### EXERCISE OBJECTIVE
The lines to repeat are those below from the one containing "If you're selling" down to the one containing "If you are using", both included; reproduce them exactly and nothing else.

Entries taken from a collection
::::
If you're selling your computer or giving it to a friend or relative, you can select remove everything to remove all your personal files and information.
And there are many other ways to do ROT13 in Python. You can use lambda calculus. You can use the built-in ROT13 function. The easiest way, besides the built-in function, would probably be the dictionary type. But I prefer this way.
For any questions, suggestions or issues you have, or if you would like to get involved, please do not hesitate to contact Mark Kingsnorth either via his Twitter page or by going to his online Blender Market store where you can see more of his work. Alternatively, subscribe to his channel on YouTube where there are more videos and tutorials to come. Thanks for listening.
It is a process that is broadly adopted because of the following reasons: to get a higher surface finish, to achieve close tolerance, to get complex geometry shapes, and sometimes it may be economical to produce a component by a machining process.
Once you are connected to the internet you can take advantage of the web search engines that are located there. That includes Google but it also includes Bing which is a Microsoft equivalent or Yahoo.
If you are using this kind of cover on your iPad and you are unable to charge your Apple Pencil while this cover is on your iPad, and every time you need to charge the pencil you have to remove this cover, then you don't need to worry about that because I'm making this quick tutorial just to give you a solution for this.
::::
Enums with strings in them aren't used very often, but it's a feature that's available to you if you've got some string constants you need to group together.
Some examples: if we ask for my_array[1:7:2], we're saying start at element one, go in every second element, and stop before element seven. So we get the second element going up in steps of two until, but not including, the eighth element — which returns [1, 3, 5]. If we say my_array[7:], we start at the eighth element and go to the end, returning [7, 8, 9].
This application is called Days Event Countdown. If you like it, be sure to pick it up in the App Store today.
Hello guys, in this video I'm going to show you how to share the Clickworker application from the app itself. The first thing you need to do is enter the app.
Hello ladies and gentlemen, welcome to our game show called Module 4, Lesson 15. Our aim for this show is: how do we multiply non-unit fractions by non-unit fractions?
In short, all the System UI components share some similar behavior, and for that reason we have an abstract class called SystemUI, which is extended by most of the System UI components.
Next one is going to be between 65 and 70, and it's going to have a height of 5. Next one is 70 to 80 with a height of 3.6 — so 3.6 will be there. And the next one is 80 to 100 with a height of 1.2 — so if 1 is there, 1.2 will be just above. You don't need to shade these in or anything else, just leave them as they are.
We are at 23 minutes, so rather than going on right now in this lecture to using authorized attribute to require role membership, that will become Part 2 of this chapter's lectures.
::::
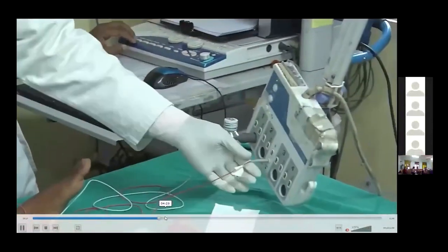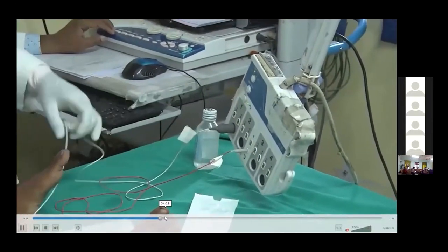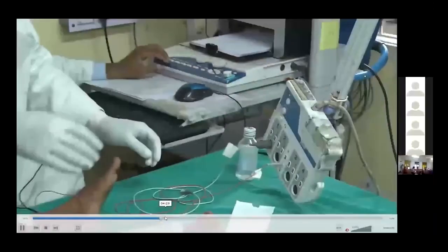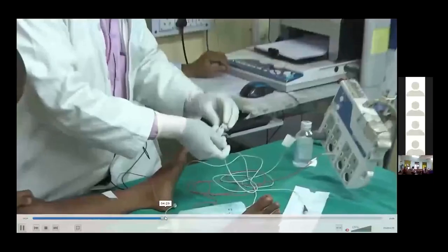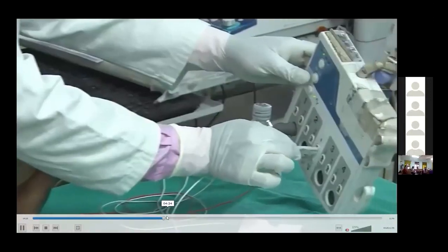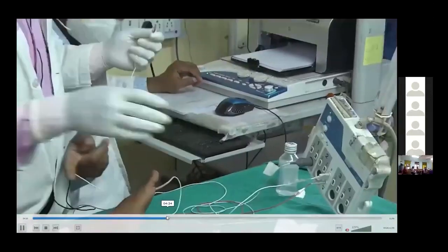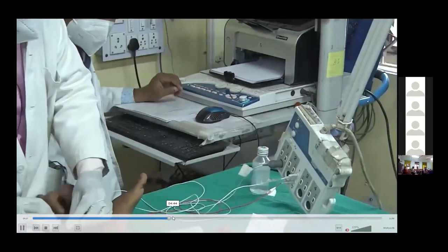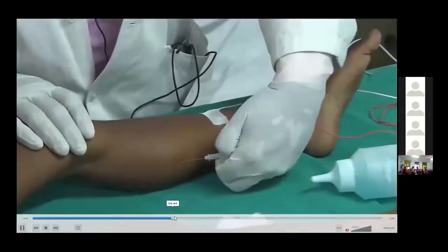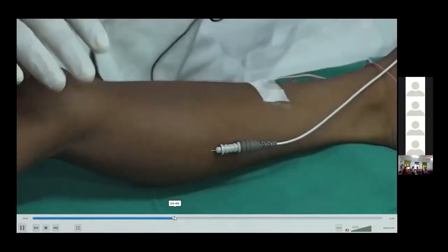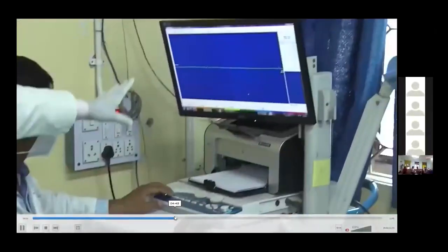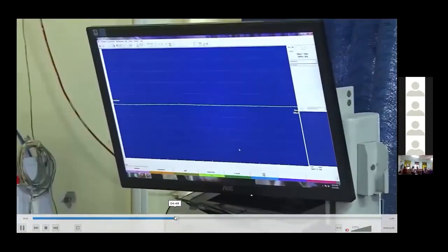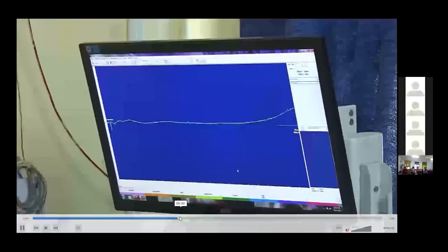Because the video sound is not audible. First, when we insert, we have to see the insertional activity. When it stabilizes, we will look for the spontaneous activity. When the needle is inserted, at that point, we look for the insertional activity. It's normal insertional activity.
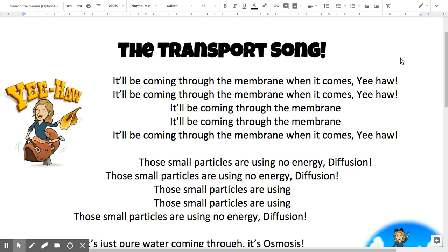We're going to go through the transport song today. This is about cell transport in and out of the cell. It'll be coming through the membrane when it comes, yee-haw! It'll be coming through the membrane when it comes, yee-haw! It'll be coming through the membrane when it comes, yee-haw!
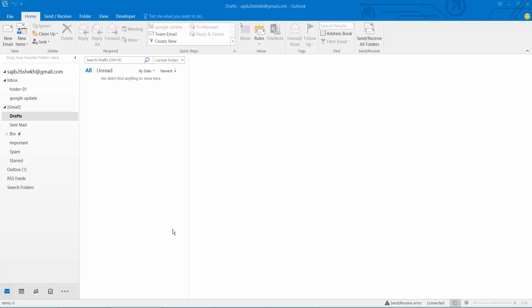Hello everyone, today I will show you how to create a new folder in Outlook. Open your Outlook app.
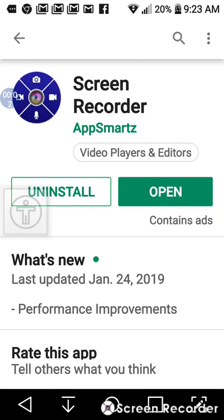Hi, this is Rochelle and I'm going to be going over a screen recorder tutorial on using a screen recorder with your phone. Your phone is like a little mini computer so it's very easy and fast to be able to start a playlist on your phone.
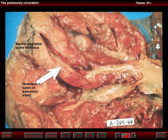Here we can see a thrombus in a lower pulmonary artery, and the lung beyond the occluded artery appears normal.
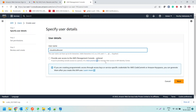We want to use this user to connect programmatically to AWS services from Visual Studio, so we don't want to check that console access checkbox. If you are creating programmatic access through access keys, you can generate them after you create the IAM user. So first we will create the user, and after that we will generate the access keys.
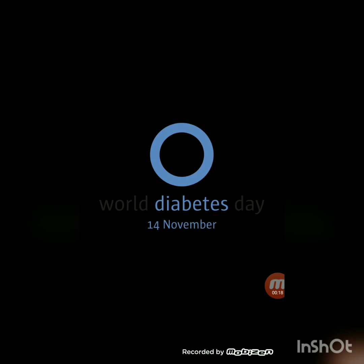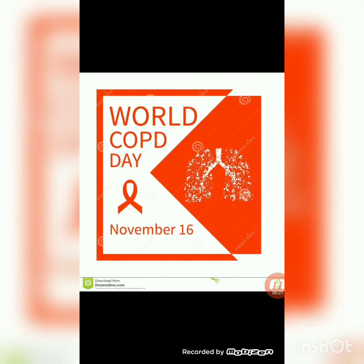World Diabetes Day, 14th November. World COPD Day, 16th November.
::::
### RESPONSE TO THIS EXERCISE
If you're selling your computer or giving it to a friend or relative, you can select remove everything to remove all your personal files and information.
And there are many other ways to do ROT13 in Python. You can use lambda calculus. You can use the built-in ROT13 function. The easiest way, besides the built-in function, would probably be the dictionary type. But I prefer this way.
For any questions, suggestions or issues you have, or if you would like to get involved, please do not hesitate to contact Mark Kingsnorth either via his Twitter page or by going to his online Blender Market store where you can see more of his work. Alternatively, subscribe to his channel on YouTube where there are more videos and tutorials to come. Thanks for listening.
It is a process that is broadly adopted because of the following reasons: to get a higher surface finish, to achieve close tolerance, to get complex geometry shapes, and sometimes it may be economical to produce a component by a machining process.
Once you are connected to the internet you can take advantage of the web search engines that are located there. That includes Google but it also includes Bing which is a Microsoft equivalent or Yahoo.
If you are using this kind of cover on your iPad and you are unable to charge your Apple Pencil while this cover is on your iPad, and every time you need to charge the pencil you have to remove this cover, then you don't need to worry about that because I'm making this quick tutorial just to give you a solution for this.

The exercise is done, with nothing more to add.